Last Sabbath, he said he made $300. Others are less lucrative. He serves a relatively small community because, with the exception of health emergencies, ultra-Orthodox Jews do not use telephones during the Sabbath, so they must walk to his small office, opposite a supermarket in the West Jerusalem neighborhood of Romema.

He puts a siren on his car and a sign in the window that reads: “Shabbas Goy on Duty” to avoid neighborhood residents from throwing stones at his car for violating the sanctity of the Sabbath by driving.

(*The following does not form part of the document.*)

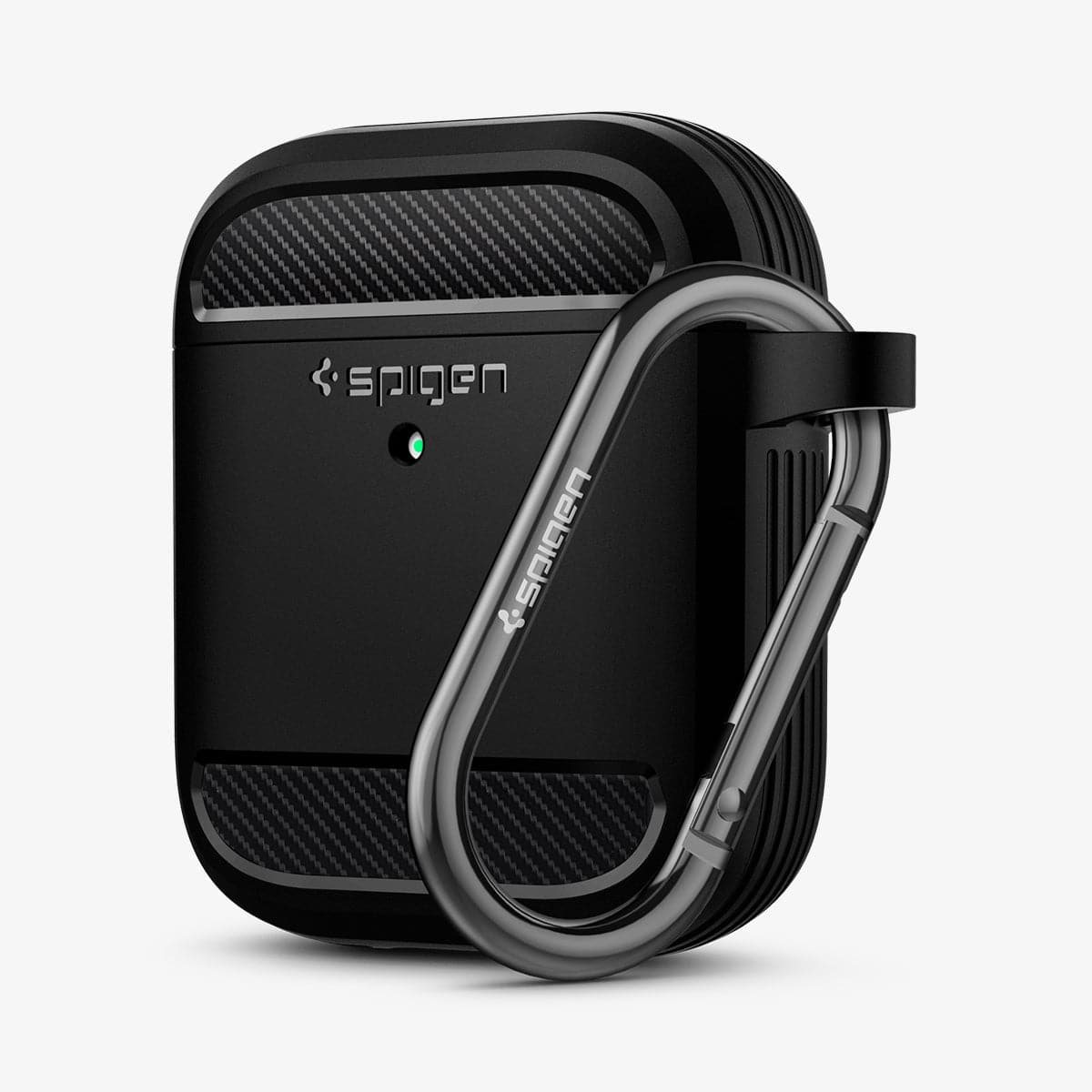 ASD01117 - Apple AirPods 1 / 2 Case Rugged Armor in matte black showing the front and side with carabiner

Other shabbas goys in Israel are Russian or Filipino. Abu Ali says he doesn’t know of any other Muslim shabbas goys. He is a religious Muslim — he wears a skullcap and a beard — which he says the ultra-Orthodox community appreciates because they are also socially conservative and they expect he will respect the ultra-Orthodox women.

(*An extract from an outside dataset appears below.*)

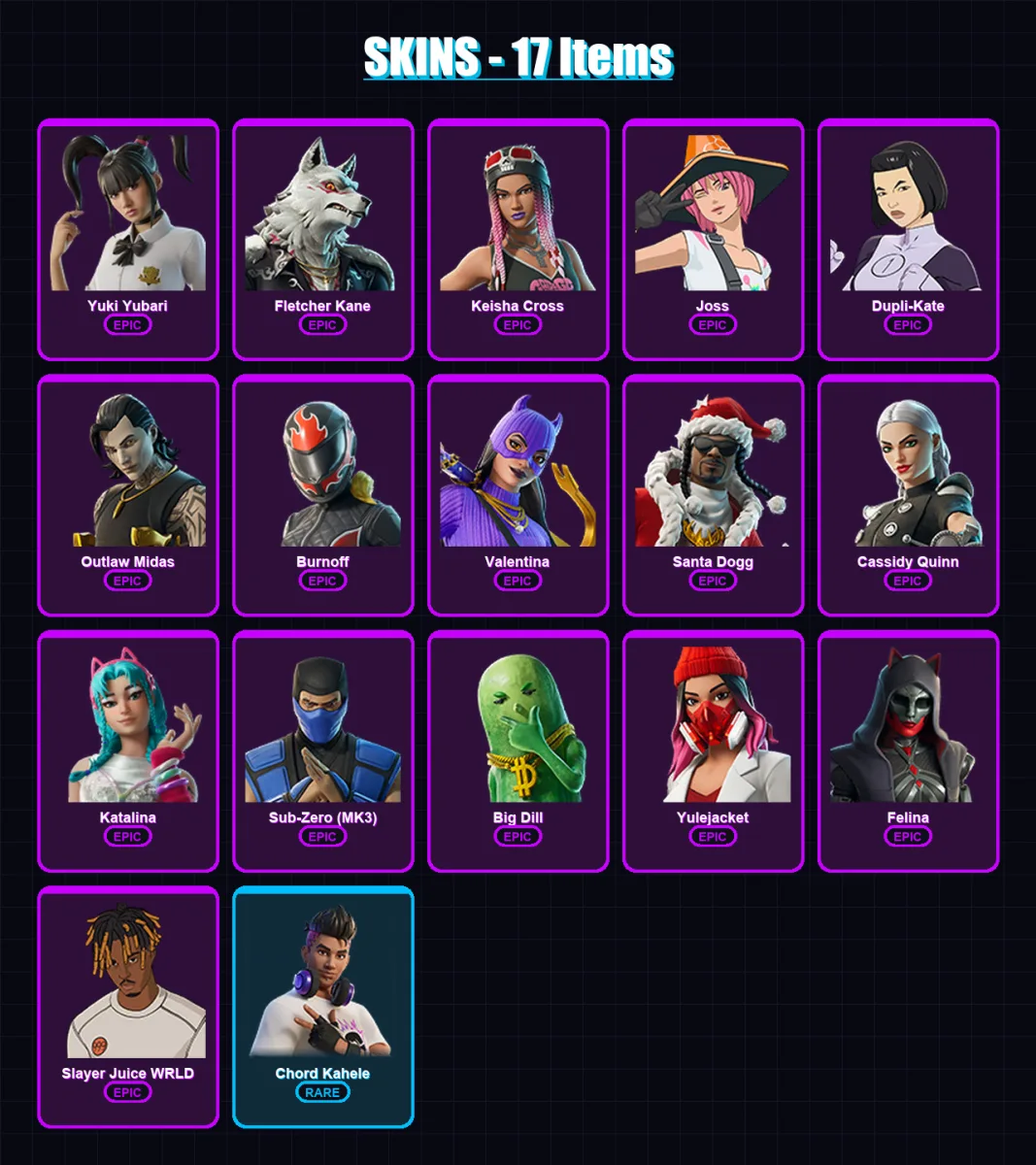 [PC/XBOX/PSN] | Yuki Yubari | Fletcher Kane | Keisha Cross | Joss | Dupli-Kate | 17 skin | 63 pickaxe | 29 emote | 30 glider | Lv718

“It creates a good relationship,” he said. “They know it’s a way of making a living and that’s what’s important. The whole Jewish-Arab question isn’t relevant.”

Ultra-Orthodox Jews are also forbidden to pay money on the Sabbath — also considered work — so they usually pay Abu Ali later in the week by putting money in envelopes into a slot on his storage shed.

Someone shirked her payment just once in three years, he said.

Abu Ali, who learned Hebrew working for 25 years as a bus driver in Israel, said he wasn’t sure his weekend job would pave the way to greater Arab-Jewish understanding. He said he hadn’t developed any friendships within the closed ultra-Orthodox community.

“On a weekday, I’m nothing to them,” he said. “But on Shabbat, I’m like an angel.”